== STUDY MATERIAL

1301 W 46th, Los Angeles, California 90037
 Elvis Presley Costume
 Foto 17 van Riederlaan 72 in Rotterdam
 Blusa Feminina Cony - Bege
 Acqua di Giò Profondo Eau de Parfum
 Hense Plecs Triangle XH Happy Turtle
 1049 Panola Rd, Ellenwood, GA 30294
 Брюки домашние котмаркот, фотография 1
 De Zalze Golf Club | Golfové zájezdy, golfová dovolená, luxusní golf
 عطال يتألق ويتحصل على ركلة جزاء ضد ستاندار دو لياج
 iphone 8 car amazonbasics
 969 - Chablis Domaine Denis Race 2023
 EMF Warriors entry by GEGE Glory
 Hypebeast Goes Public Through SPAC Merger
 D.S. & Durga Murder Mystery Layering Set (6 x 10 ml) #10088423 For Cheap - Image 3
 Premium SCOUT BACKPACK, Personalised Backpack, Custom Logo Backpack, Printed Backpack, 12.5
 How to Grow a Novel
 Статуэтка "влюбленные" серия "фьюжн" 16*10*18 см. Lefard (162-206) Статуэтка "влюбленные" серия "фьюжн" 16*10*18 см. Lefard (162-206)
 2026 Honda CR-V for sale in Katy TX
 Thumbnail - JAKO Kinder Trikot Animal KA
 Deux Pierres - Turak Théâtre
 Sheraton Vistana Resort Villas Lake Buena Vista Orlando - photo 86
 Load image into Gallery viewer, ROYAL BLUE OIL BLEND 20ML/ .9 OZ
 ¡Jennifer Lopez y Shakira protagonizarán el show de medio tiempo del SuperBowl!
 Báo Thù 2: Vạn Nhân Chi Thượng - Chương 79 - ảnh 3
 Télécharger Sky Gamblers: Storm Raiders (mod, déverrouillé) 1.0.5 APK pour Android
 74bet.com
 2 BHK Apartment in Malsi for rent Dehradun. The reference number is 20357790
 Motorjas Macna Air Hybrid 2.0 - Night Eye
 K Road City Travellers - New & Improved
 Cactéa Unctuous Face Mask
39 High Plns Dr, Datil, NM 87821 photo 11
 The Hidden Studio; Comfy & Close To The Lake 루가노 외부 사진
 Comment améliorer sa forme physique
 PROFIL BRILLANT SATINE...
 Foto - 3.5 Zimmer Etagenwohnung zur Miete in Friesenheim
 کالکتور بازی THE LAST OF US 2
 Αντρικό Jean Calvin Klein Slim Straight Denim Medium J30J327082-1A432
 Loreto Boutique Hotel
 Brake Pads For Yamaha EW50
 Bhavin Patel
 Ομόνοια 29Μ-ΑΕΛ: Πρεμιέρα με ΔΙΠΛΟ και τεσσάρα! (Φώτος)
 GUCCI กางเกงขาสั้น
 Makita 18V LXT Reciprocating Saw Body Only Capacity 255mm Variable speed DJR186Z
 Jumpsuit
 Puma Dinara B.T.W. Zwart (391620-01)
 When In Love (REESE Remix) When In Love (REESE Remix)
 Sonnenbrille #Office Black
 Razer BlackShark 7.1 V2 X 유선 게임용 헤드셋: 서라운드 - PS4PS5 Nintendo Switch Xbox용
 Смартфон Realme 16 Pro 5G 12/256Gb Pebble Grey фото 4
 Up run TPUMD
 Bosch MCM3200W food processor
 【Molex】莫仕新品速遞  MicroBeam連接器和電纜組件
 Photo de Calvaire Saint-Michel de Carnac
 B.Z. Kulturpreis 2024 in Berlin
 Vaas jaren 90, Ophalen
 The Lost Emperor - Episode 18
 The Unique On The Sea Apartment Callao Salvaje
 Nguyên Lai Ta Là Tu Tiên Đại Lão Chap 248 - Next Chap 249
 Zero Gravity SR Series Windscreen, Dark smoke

====

→ **WHAT YOU WILL DO**: What is the number of lines in the records that hold the word "Foto"? Answer with that number only.

→ **COMPLETED TASK**: 2